■ **TASK DETAILS**
Your job is to set down the stretch of entries that opens with the line containing "8 - AN 18CT" and closes with the line containing "J & J Cash woven". Keep both end lines, copy each exactly, and add nothing.

■ **SUPPLIED MATERIAL**
-*-*-

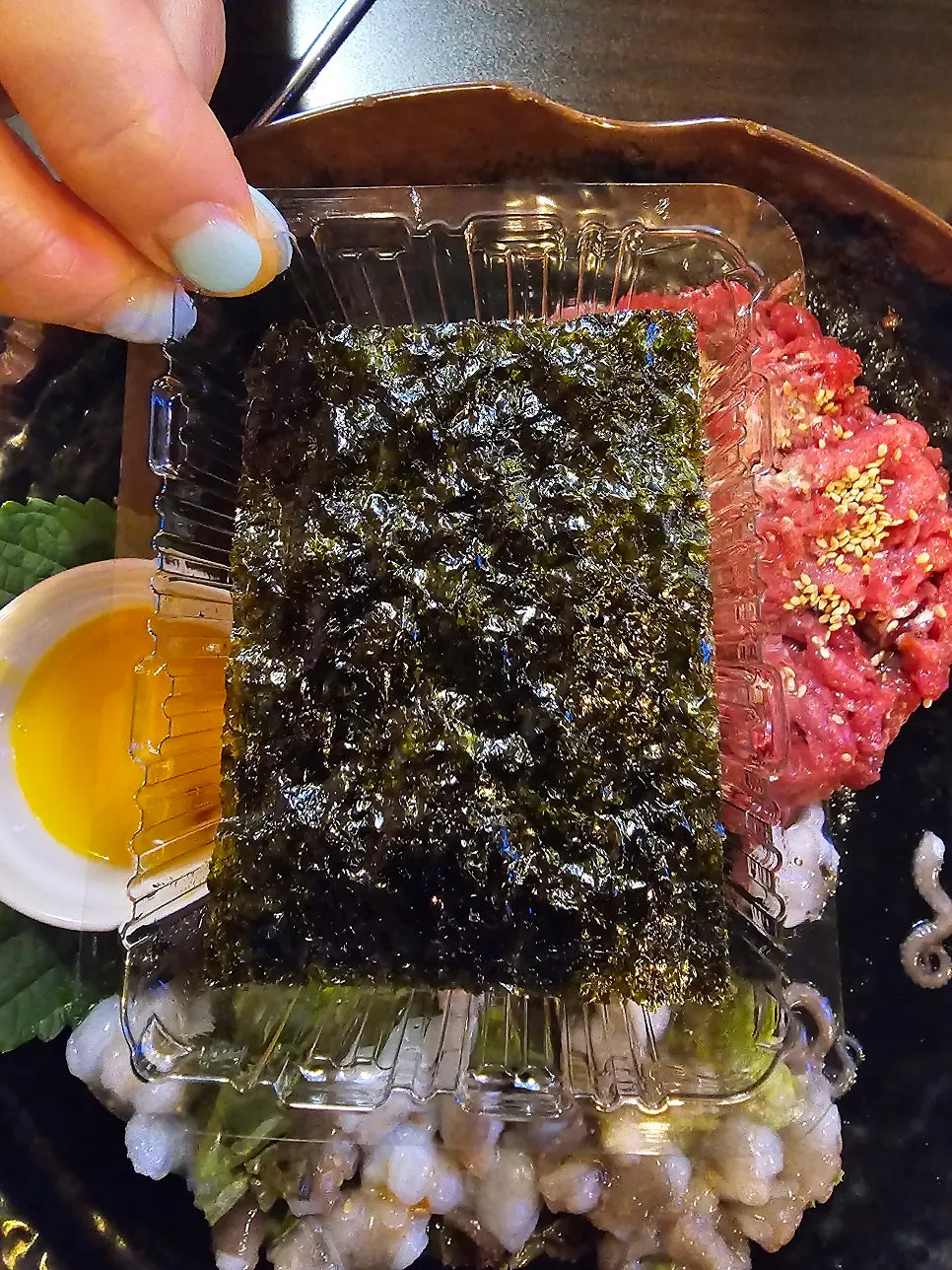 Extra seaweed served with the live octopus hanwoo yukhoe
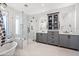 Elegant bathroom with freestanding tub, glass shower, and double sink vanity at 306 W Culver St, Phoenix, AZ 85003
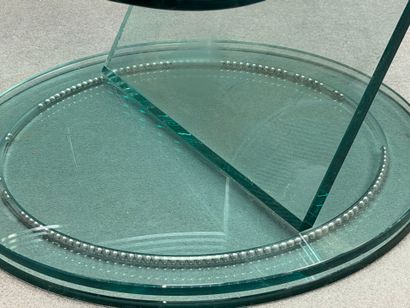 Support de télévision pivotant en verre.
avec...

-*-*-

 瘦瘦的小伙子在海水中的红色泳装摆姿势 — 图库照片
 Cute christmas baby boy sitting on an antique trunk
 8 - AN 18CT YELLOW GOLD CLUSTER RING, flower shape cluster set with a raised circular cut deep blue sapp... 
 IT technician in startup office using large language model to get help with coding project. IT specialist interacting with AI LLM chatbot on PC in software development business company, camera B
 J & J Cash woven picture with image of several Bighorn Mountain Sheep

-*-*-

■ **SOLUTION TO THIS EXERCISE**
 8 - AN 18CT YELLOW GOLD CLUSTER RING, flower shape cluster set with a raised circular cut deep blue sapp... 
 IT technician in startup office using large language model to get help with coding project. IT specialist interacting with AI LLM chatbot on PC in software development business company, camera B
 J & J Cash woven picture with image of several Bighorn Mountain Sheep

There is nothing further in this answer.